:: RECORDS PROVIDED ::
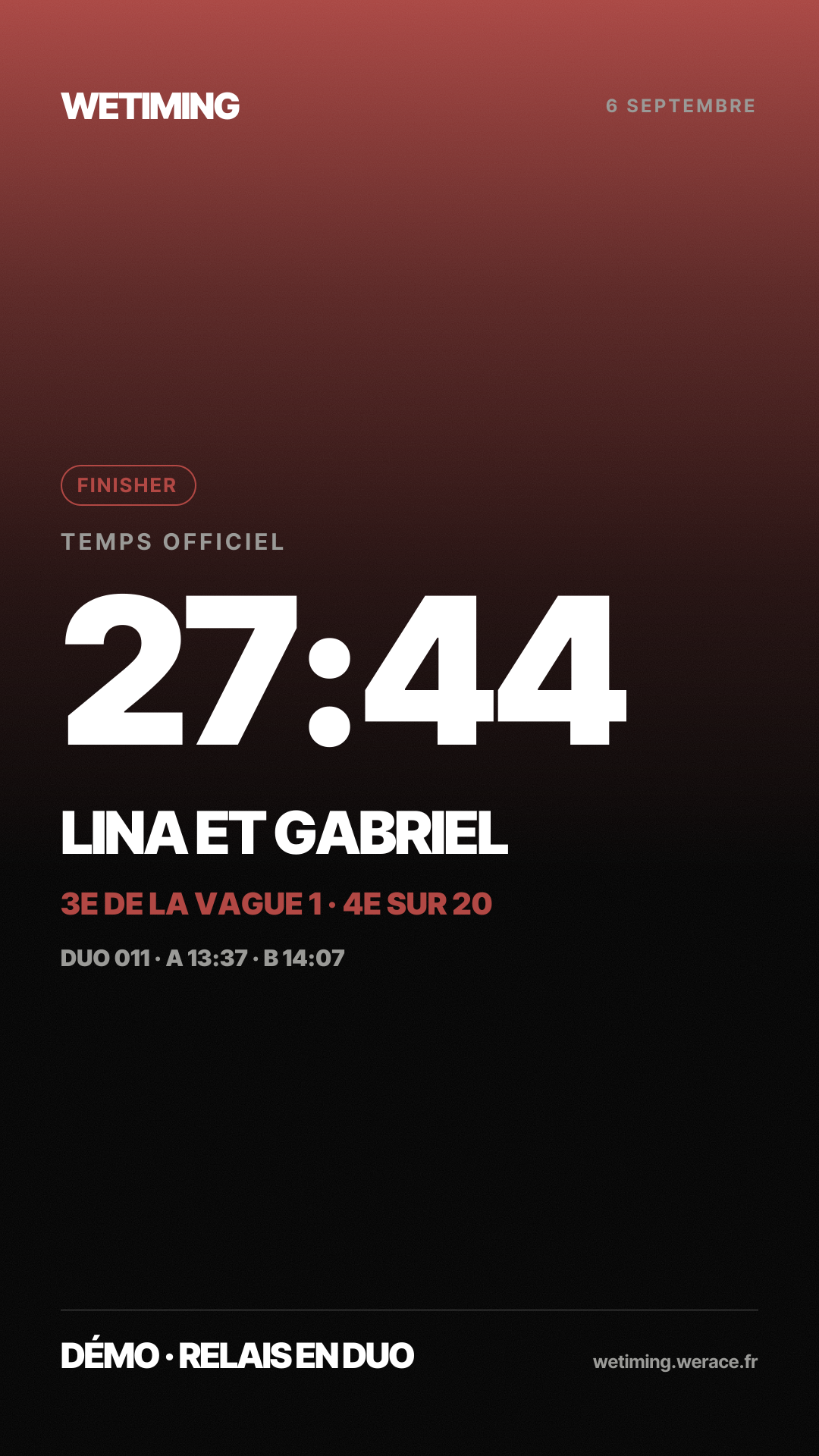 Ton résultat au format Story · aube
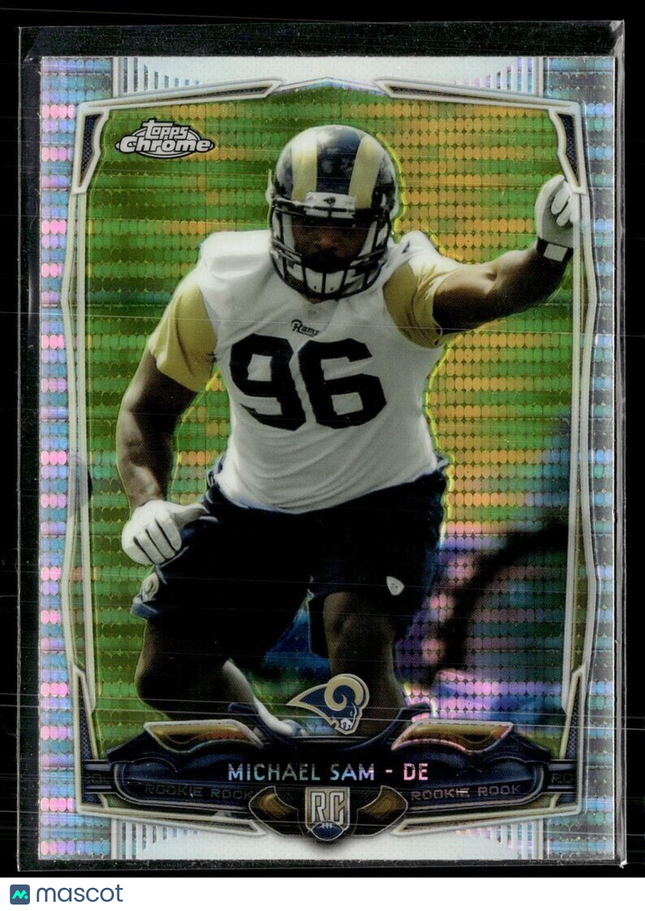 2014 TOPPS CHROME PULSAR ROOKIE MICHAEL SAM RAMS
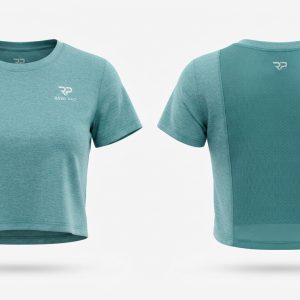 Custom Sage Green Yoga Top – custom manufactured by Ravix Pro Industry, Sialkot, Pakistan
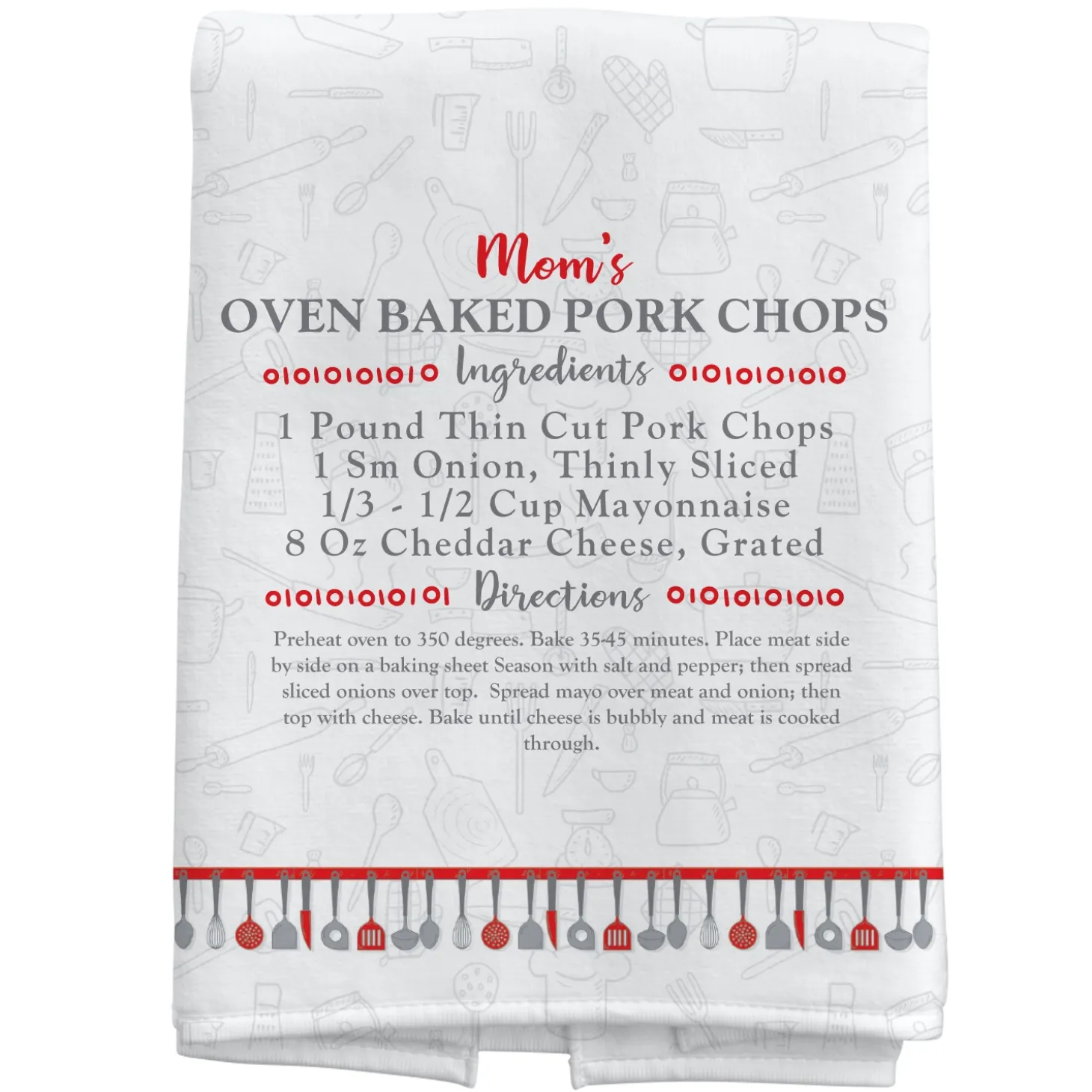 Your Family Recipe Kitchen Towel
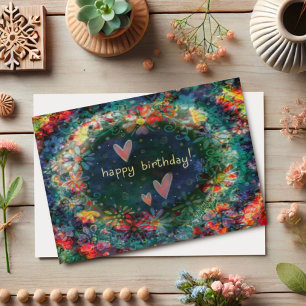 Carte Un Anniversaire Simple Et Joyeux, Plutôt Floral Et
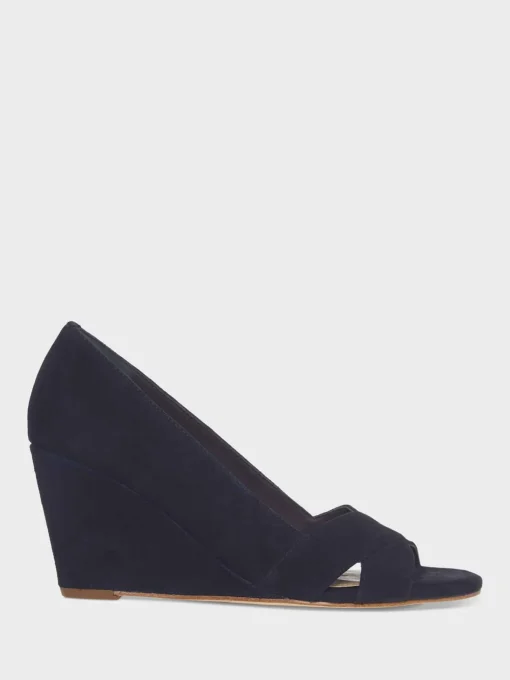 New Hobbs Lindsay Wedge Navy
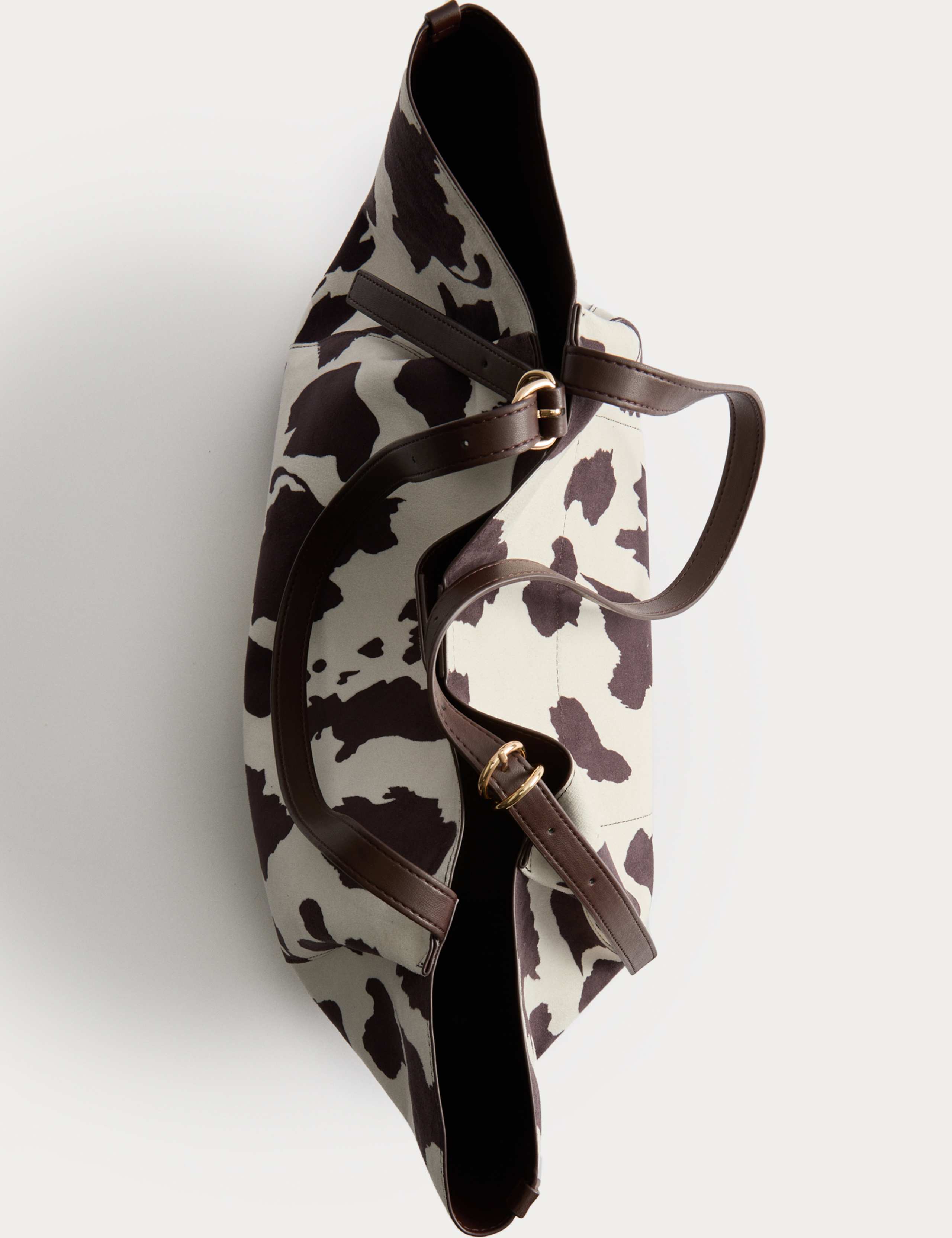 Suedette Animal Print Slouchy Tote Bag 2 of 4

:: WORK INSTRUCTIONS ::
Reproduce the listing exactly, images omitted.

:: ANSWER TO THE PROBLEM ::
 Ton résultat au format Story · aube
 2014 TOPPS CHROME PULSAR ROOKIE MICHAEL SAM RAMS
 Custom Sage Green Yoga Top – custom manufactured by Ravix Pro Industry, Sialkot, Pakistan
 Your Family Recipe Kitchen Towel
 Carte Un Anniversaire Simple Et Joyeux, Plutôt Floral Et
 New Hobbs Lindsay Wedge Navy
 Suedette Animal Print Slouchy Tote Bag 2 of 4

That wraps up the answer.